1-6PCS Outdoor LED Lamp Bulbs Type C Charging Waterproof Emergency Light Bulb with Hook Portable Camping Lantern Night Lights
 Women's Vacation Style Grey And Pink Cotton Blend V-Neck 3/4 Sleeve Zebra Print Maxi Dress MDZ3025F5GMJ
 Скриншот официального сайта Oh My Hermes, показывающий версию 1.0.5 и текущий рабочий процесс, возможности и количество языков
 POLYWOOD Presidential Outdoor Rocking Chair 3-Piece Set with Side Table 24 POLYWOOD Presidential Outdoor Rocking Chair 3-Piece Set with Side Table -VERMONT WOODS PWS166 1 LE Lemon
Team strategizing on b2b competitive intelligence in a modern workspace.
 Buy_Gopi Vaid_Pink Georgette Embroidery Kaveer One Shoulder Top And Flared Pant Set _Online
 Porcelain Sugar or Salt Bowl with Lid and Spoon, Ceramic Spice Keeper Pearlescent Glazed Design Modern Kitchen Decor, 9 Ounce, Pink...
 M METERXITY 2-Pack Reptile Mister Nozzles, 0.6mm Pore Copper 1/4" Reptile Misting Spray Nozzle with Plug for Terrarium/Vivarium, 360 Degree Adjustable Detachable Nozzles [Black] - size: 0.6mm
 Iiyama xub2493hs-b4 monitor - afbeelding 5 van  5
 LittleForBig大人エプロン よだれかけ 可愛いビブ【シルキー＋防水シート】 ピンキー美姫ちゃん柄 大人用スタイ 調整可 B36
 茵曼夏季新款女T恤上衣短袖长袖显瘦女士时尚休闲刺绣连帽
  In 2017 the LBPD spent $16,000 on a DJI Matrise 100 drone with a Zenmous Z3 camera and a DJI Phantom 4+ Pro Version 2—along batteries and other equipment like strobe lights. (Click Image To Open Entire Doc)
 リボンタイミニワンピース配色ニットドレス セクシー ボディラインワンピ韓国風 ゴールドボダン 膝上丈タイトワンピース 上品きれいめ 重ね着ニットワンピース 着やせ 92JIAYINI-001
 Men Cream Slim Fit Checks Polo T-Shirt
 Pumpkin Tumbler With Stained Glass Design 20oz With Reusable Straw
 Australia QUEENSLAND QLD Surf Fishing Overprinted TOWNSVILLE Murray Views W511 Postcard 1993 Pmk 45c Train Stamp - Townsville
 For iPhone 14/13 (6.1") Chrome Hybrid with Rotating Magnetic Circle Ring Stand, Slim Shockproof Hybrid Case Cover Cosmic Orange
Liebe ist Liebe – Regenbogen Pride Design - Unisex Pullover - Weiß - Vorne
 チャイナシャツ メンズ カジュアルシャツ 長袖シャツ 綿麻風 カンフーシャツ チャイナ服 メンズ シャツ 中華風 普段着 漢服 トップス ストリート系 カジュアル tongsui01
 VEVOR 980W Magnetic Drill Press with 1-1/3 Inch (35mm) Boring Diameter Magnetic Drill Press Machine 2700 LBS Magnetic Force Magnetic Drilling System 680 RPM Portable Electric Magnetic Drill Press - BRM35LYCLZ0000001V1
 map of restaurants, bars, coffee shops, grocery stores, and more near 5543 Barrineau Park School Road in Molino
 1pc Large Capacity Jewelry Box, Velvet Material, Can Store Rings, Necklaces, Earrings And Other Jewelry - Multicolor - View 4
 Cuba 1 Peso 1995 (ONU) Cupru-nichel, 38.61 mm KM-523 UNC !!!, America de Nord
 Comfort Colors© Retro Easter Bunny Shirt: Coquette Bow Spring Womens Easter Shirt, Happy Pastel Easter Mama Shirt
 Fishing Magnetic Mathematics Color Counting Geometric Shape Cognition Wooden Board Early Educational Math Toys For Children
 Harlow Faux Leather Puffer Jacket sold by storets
• • • • •
▶ [TO DO] Take the entries and print them exactly. Keep every line.

▶ [REPLY TO THE EXERCISE]
1-6PCS Outdoor LED Lamp Bulbs Type C Charging Waterproof Emergency Light Bulb with Hook Portable Camping Lantern Night Lights
 Women's Vacation Style Grey And Pink Cotton Blend V-Neck 3/4 Sleeve Zebra Print Maxi Dress MDZ3025F5GMJ
 Скриншот официального сайта Oh My Hermes, показывающий версию 1.0.5 и текущий рабочий процесс, возможности и количество языков
 POLYWOOD Presidential Outdoor Rocking Chair 3-Piece Set with Side Table 24 POLYWOOD Presidential Outdoor Rocking Chair 3-Piece Set with Side Table -VERMONT WOODS PWS166 1 LE Lemon
Team strategizing on b2b competitive intelligence in a modern workspace.
 Buy_Gopi Vaid_Pink Georgette Embroidery Kaveer One Shoulder Top And Flared Pant Set _Online
 Porcelain Sugar or Salt Bowl with Lid and Spoon, Ceramic Spice Keeper Pearlescent Glazed Design Modern Kitchen Decor, 9 Ounce, Pink...
 M METERXITY 2-Pack Reptile Mister Nozzles, 0.6mm Pore Copper 1/4" Reptile Misting Spray Nozzle with Plug for Terrarium/Vivarium, 360 Degree Adjustable Detachable Nozzles [Black] - size: 0.6mm
 Iiyama xub2493hs-b4 monitor - afbeelding 5 van  5
 LittleForBig大人エプロン よだれかけ 可愛いビブ【シルキー＋防水シート】 ピンキー美姫ちゃん柄 大人用スタイ 調整可 B36
 茵曼夏季新款女T恤上衣短袖长袖显瘦女士时尚休闲刺绣连帽
  In 2017 the LBPD spent $16,000 on a DJI Matrise 100 drone with a Zenmous Z3 camera and a DJI Phantom 4+ Pro Version 2—along batteries and other equipment like strobe lights. (Click Image To Open Entire Doc)
 リボンタイミニワンピース配色ニットドレス セクシー ボディラインワンピ韓国風 ゴールドボダン 膝上丈タイトワンピース 上品きれいめ 重ね着ニットワンピース 着やせ 92JIAYINI-001
 Men Cream Slim Fit Checks Polo T-Shirt
 Pumpkin Tumbler With Stained Glass Design 20oz With Reusable Straw
 Australia QUEENSLAND QLD Surf Fishing Overprinted TOWNSVILLE Murray Views W511 Postcard 1993 Pmk 45c Train Stamp - Townsville
 For iPhone 14/13 (6.1") Chrome Hybrid with Rotating Magnetic Circle Ring Stand, Slim Shockproof Hybrid Case Cover Cosmic Orange
Liebe ist Liebe – Regenbogen Pride Design - Unisex Pullover - Weiß - Vorne
 チャイナシャツ メンズ カジュアルシャツ 長袖シャツ 綿麻風 カンフーシャツ チャイナ服 メンズ シャツ 中華風 普段着 漢服 トップス ストリート系 カジュアル tongsui01
 VEVOR 980W Magnetic Drill Press with 1-1/3 Inch (35mm) Boring Diameter Magnetic Drill Press Machine 2700 LBS Magnetic Force Magnetic Drilling System 680 RPM Portable Electric Magnetic Drill Press - BRM35LYCLZ0000001V1
 map of restaurants, bars, coffee shops, grocery stores, and more near 5543 Barrineau Park School Road in Molino
 1pc Large Capacity Jewelry Box, Velvet Material, Can Store Rings, Necklaces, Earrings And Other Jewelry - Multicolor - View 4
 Cuba 1 Peso 1995 (ONU) Cupru-nichel, 38.61 mm KM-523 UNC !!!, America de Nord
 Comfort Colors© Retro Easter Bunny Shirt: Coquette Bow Spring Womens Easter Shirt, Happy Pastel Easter Mama Shirt
 Fishing Magnetic Mathematics Color Counting Geometric Shape Cognition Wooden Board Early Educational Math Toys For Children
 Harlow Faux Leather Puffer Jacket sold by storets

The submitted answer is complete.